What is novel about it? How can we stand out?
Most recommendation systems nowadays have been developed to find the most closely personalised recommendations for their consumers based on consumer feedback such as ratings and comments. For example, systems used by Netflix, Amazon, Google News, and YouTube.
However, the recommendation engine in Spot Market relies not only on various direct and indirect consumer feedback but also on building a consumer profile through retrieving and analysing third party application data. This consumer profile serves as one of the inputs for the recommendation engine which then generates a list of recommended items.
Goals
Understand customers’ interest change and decay information as time goes by. In other words, products and services that the customers interacted with more recently are weighted higher than that the customers interacted with long time ago.
Allow customers to be notified about the most relevant products based on their social network activities such as Facebook, Twitter, Pinterest.
Learning the activities of the user within the app. For example, if they bookmark a certain product or retailer, they might want to see more related products in the future.
Location tracking: Being able to recommend relevant shops or restaurants based on the user’s location.
The three families
Three families of recommender systems are considered here:
Content-based.
Collaborative filtering.
Hybrid.
Collaborative Filtering
Memory-Based Collaborative Filtering
Item-Item Collaborative Filtering: “Users who liked this item also liked ...”
User-Item Collaborative Filtering: “Users who are similar to you also liked ...”
Model-based Collaborative Filtering
Matrix Factorisation (MF), an unsupervised learning approach for latent variable decomposition and dimensionality reduction.

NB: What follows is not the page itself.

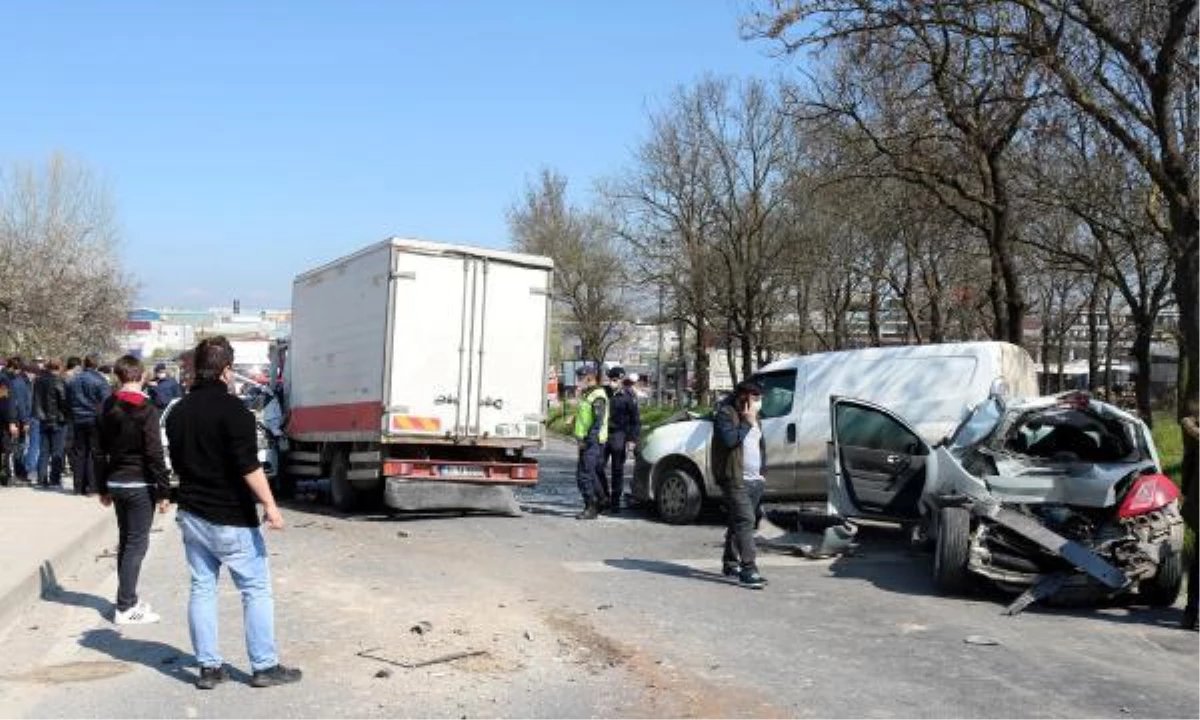 Çerkezköy\'de freni boşalan kamyonet 5 araca çarptı: 2 yaralı - Yeniden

K-Means K-Means clustering is a popular unsupervised classification algorithm in data mining where the given dataset is not labelled i.e. not categorised.
Benefits of K-means
K-means clustering has several advantages compared to its competitors:
Suitable for product recommendation system: Particularly useful if there is only a limited understanding of how the data is structured. For example, if the given consumer-product matrix contain many different trends.

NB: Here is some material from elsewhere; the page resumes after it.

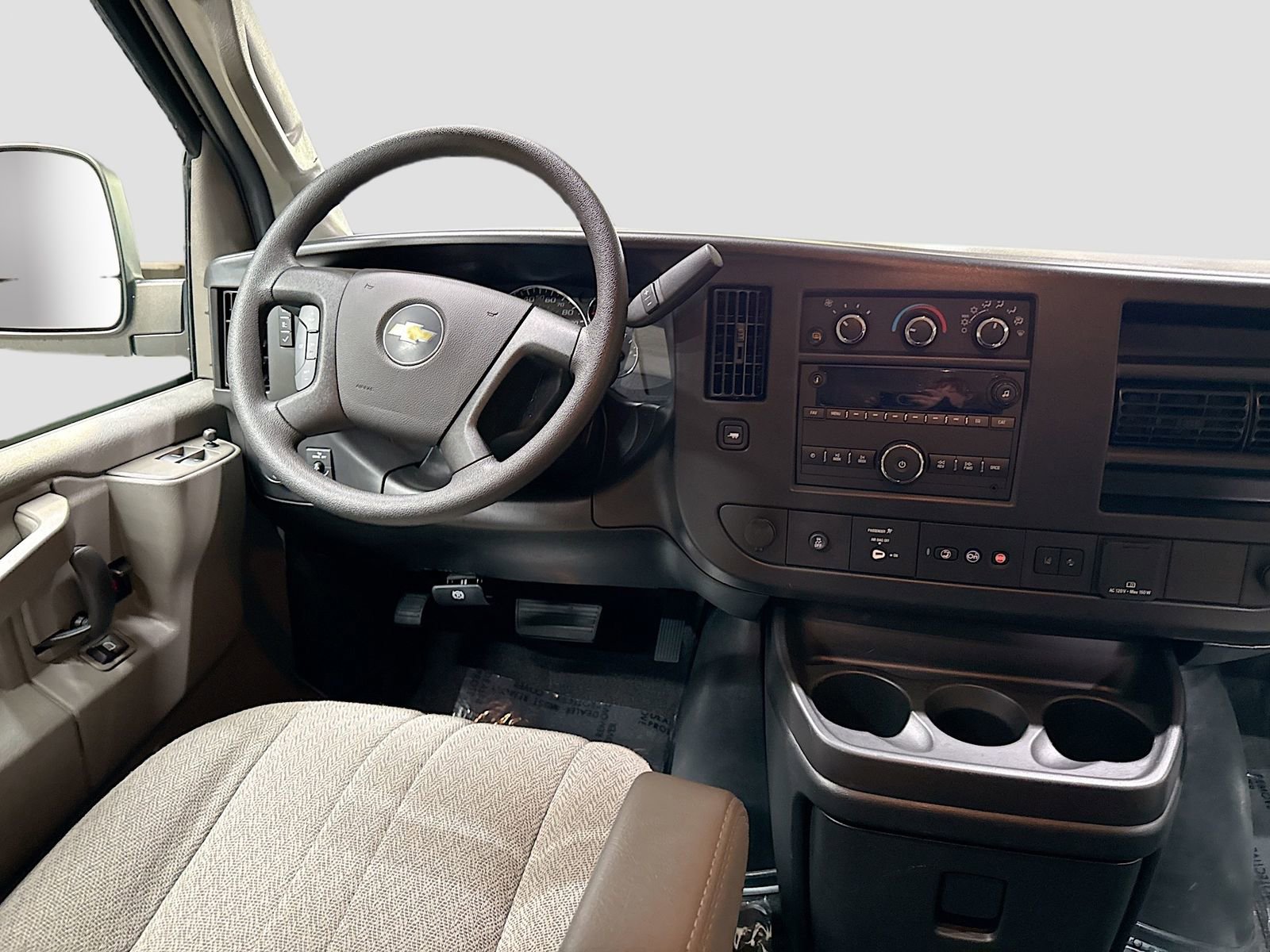 Used 2025 Chevrolet Express 3500 LT w/ LT Preferred Equipment Group RWD image 23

Easy operation: K-means clustering only takes in the data parameters and the K values, i.e. the number of clusters to be created.
Fast operation
Other Cool Features
Location Prediction: A typical situation that utilises the Location Analyser is of a jogger that runs on the same path every Sunday and has liked a specific brand of athletic shoes on their Facebook account. If a shop that resides along the path of the jogger puts out an offer on trainers, then the Recommendation. Engine will suggest that offer to the jogger before they go out for their weekly exercise.
Who the user is with: Another interesting suggestion from the client is that the future system should be able to recognize not only where the user is and what retailers nearby, but also who the user is with. For example, if the user is with his wife, a restaurant nearby with the cuisine that they both like would be recommended.
Calendar Events
Core Software and Tools
Azure Machine Learning Studio
Python
NumPy
The SciPy Library
Matplotlib
Pandas
SymPy
Ipython - A kernel for Jupyter
Scikit-learn Library
One of the most important libraries in this project. It consists of open-source machine learning and data mining algorithms. Some popular algorithms include regression, classification, kmeans/ spectral data clustering, support vector machines etc. They are well-designed with full compatibility with the aforementioned scientific libraries such as SciPy and NumPy.
A rapidly used module throughout this project, the sklearn.decomposition module, includes popular matrix decomposition algorithms, such as Sparse Principal Component Analysis (SPCA), Non-negative Matrix Factorisation (NMF) and Independent Component Analysis (ICA).